(Melawan Radikalisasi dengan Literasi)
–Bagian 2 (habis)–
ISIS tahu betul apa yang sedang menjadi tren di kalangan anak-anak muda. Mereka dapat cepat beradaptasi demi memenuhi kebutuhan para netizen, termasuk dengan selalu responsif dan update info-info terbaru kepada para followers-nya. Karenanya tak sulit bagi ISIS untuk menyebarkan paham kekerasan mereka kepada anak-anak muda, utamanya yang masih dalam fase pencarian jati diri. Beberapa dari anak-anak muda yang telah teracuni dengan ajaran ISIS nekad melakukan aksi-aksi jahat yang mereka jihad.
Meski cara-cara tersebut di atas tampak sukses menarik perhatian netizen, namun ISIS merasa kurang puas dengan hasil yang didapat. Terutama karena mulai banyak pengguna media social yang melakukan perlawanan atau pelurusan (kontra narasi) terhadap narasi-narasi yang dikembangkan ISIS. Laporan dari IDC Herzliya International Institute for Counter-Terrorism’s (ICT) menyebut kelompok ISIS telah menaikkan level terror mereka di dunia maya. Tak hanya melakukan cyberpropaganda, kelompok teroris ini kini juga melakukan cyberterror.
Ciri utama dari cyberterror adalah melakukan serangan langsung ke akun-akun atau website-website yang dianggap berseberangan. Hal ini dilakukan dengan cara mengotori laman website mereka dan posting konten-konten yang mempermalukan kelompok yang dianggap berlawanan dengan ISIS.

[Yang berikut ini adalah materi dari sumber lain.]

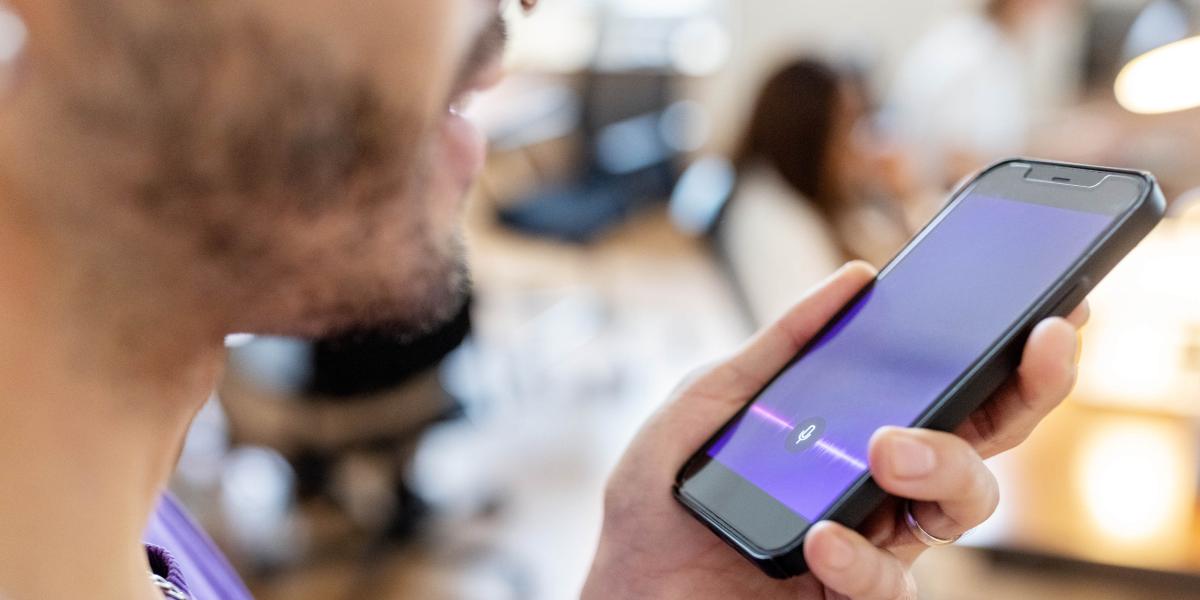 Mann spricht in Smartphone mit aktivierter Sprach-KI-App, Fokus auf Display mit bunter Audio-Wellenanzeige.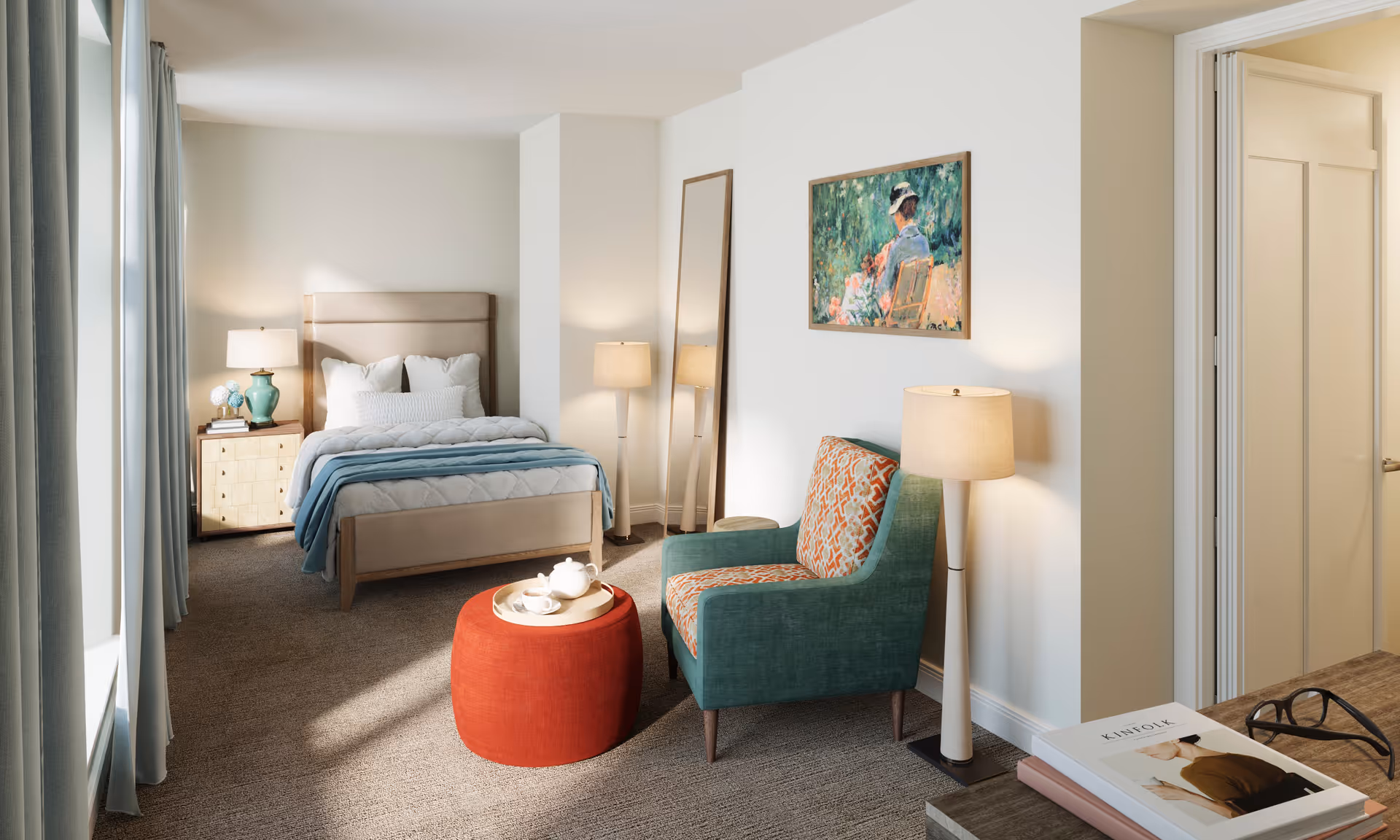 A bright and cozy bedroom with a beige upholstered bed, white and blue bedding, a wooden nightstand with a green lamp, a tall mirror leaning against the wall, a green armchair with an orange patterned cushion, a red round ottoman with a tea set on a tray, two floor lamps, and a framed painting of a woman sitting in a garden on the wall.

Laporan ICT juga menyebut kemungkinan bahaya yang lebih serius, yakni kemampuan kelompok terror untuk mendapatkan dukungan dari banyak pihak sehingga mereka bisa bebas melakukan serangan dan perusakan di dunia maya. Untuk melakukan hal ini, kelompok teroris disebut merekrut sejumlah hacker dan ahli IT.
Pantauan terhadap sejumlah akun media social yang berafiliasi dengan ISIS menunjukkan bahwa kelompok pimpinan Abu Bakar al Baghdadi itu mulai menggalang dukungan dari para hacker demi melaksanakan hasrat mereka untuk melakukan serangan massif di dunia maya.
Tak hanya menyasar kelompok yang dianggap melawan ISIS, kelompok teroris internasional ini juga berupaya kuat untuk melakukan perlawanan terhadap pemerintah dan raksasa-raksasa media yang gencar melakukan kampanye damai anti radikalisme dan terorisme.
Laporan dari ICT di atas seharusnya menjadi wakeup call untuk kita semua, khususnya tentang bahaya yang lebih besar yang bisa didatangkan oleh kelompok teroris di dunia maya. ISIS telah menunjukkan keseriusan mereka dalam menggarap dunia maya sebagai medan tempur mereka. Konsistensi dan keuletan mereka dalam mengelola dunia maya patut untuk segera disikapi.
ISIS pun sebenarnya hanya mengumbar bualan di dunia maya –tak ada satupun yang mereka katakan berstatus benar— namun mereka membungkus bualan tersebut sedemikian rupa hingga tampak layak dipercaya. Untuk konteks Indonesia, indeks membaca masyarakat kita masih sangat rendah. Studi berjudul “Most Littered Nation In the World” yang pernah dilakukan oleh Central Connecticut State Univesity menemukan bahwa minat baca masyarakat Indonesia sangat rendah. Kita berada di posisi 60 dari total 61 negara yang diteliti. (lihat: https://www.republika.co.id/berita/pendidikan/eduaction/18/02/20/p4gflk284-minat-baca-di-indonesia-disebut-masih-rendah)
Ini tentu menjadi PR kita bersama. Menumbuhkan minat membaca penting untuk segera dilakukan. Membaca akan membantu masyarakat kita membangun benteng yang kokoh untuk melindungi diri mereka dari pengaruh-pengaruh buruk yang berasal dari pemelesetan ajaran-ajaran agama, karena sejatinya, ajaran dan paham radikal hanya akan bisa menyasar orang-orang yang kurang belajar, tak tahan membaca; masyarakat instan yang tak mau bersusah payah mengikuti proses pembelajaran yang kadang memang melelahkan.
Literasi adalah kunci utama dalam melawan radikalisasi.